The functional testing phase also provides you the easiest opportunity to develop and run automated regression tests. There are a few harnesses available on mobile device platforms, but by far the easiest way to write and run automated web application tests is on the desktop. You can easily cover your functional testing in this phase.

Performance testing

Finally, your functional testing phase is the time to run performance tests. I categorize performance testing into four areas: response time, load, MTTF (mean time to failure) and performance tuning. Here's a breakdown of what I'm looking for in each area.
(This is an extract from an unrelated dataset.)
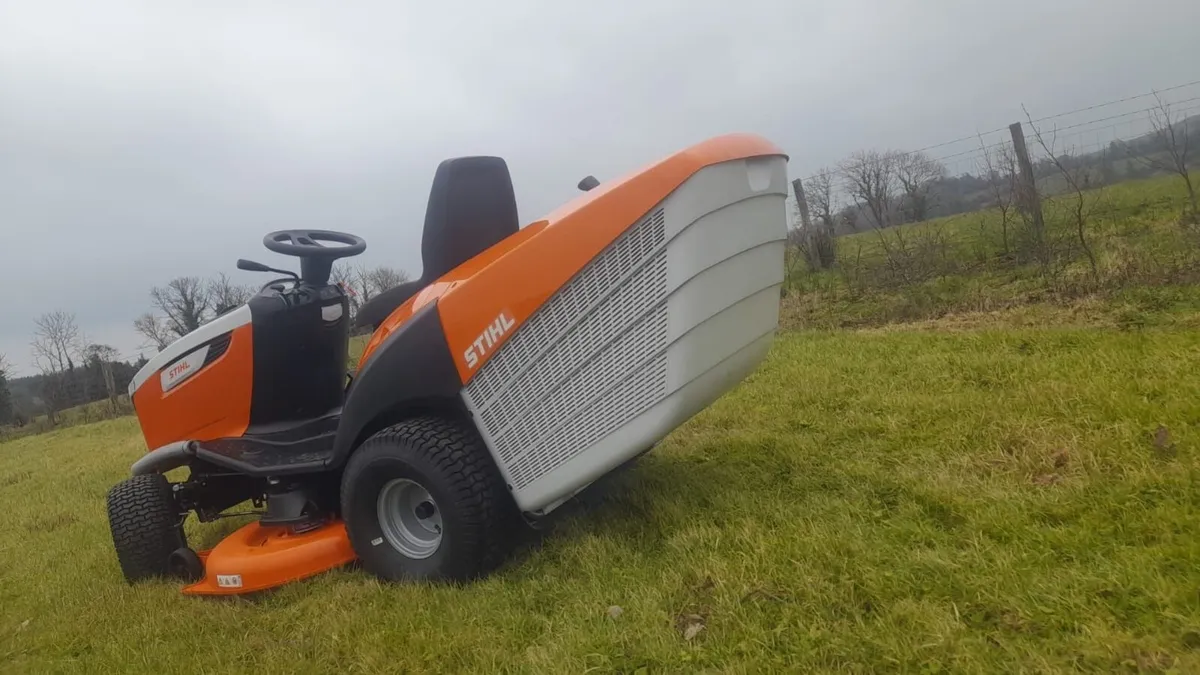 Stihl RT 6127 ride on mower - Image 3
  • Response time: This is the measure of time needed for a response to complete -- from request to last response -- at both normal and peak loads for a Web site. This is generally the user-perceived time, and in a Web application it should generally include the time to load html pages, css and jsp, as well as images.
  • Load: This is the measure of response time as load is increased from 0 to a "very large load." Generally the upper load limit will be a multiplication factor of the highest expected peak load. The key metric in this test is to watch how the response time increases as load increases. Are response time increases linear, meanging that as the load level increases, the response time increases proportionally? Or, are response times logarithmic , so that as the load level increases, the response time increases more.
  • Mean time to failure: This is how engineers generally predict the required maintenance cycle for an application. By estimating the number of transactions per minute, hour, or day for the application, you can extrapolate the number of transactions for a week or a month. The application should then be brought to a high, but stable, load rate. I generally shoot for 85% of my first bottleneck -- CPU, RAM, disk I/O, etc. The site is then allowed to run indefinitely, and the total transactions are recorded. From that number, you can predict how long the site will run given normal conditions. At Microsoft, we generally set a requirement of 30 days of simulated load; at 85% (or 90% to 95% on the server products I worked on), we could generally perform this simulation in about a week.
  • Performance tuning: The final effort is to tune the application. The site is placed under increasing load levels until a bottleneck is reached (site becomes non-responsive due to a downstream dependency). That bottleneck should then be fixed, either by fixing non-performant code (preferable) or by scaling up or out.
For more information about this area, check out the CodePlex.com tutorial on Performance Testing Guide for Web Applications.

Regardless of the device used to browse your site, you're going to need to do performance testing. Use the standard tools you leverage to-date, and hold your mobile site to the same standards you hold your full-fidelity site.